→ About this exercise: Where a picture occurs in the data, omit it, and copy all remaining data exactly.

→ Dataset content:
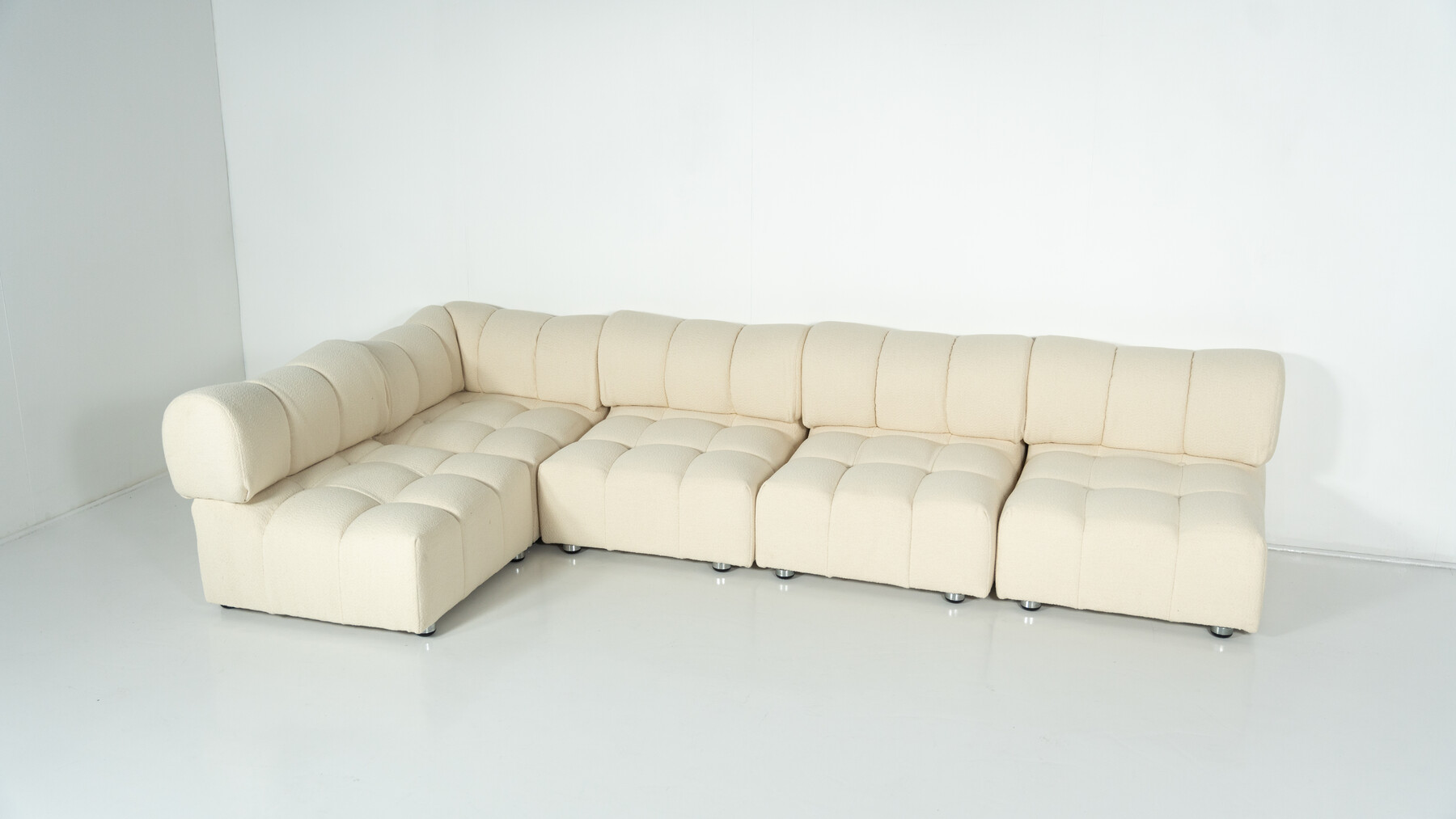 Mid-Century Modern Modular Sofa, Italy, 1970s - New Upholstery 
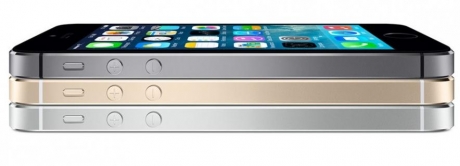 Apple безплатно подменя дефектни iPhone 5s
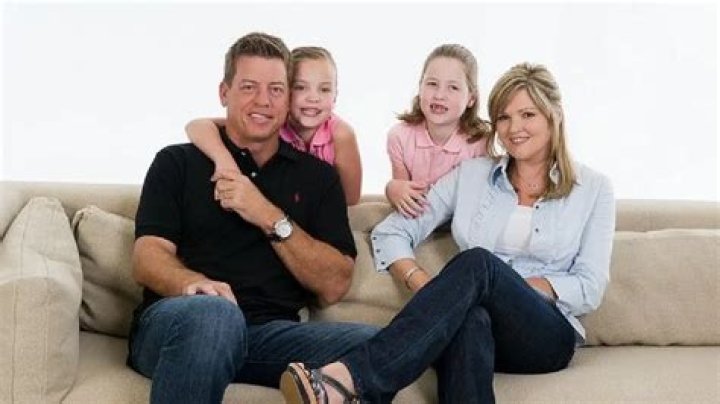 Kenneth Aikman Biography, Age, Height, Wife, Net Worth, Family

→ Task solution:
 Mid-Century Modern Modular Sofa, Italy, 1970s - New Upholstery 
 Apple безплатно подменя дефектни iPhone 5s
 Kenneth Aikman Biography, Age, Height, Wife, Net Worth, Family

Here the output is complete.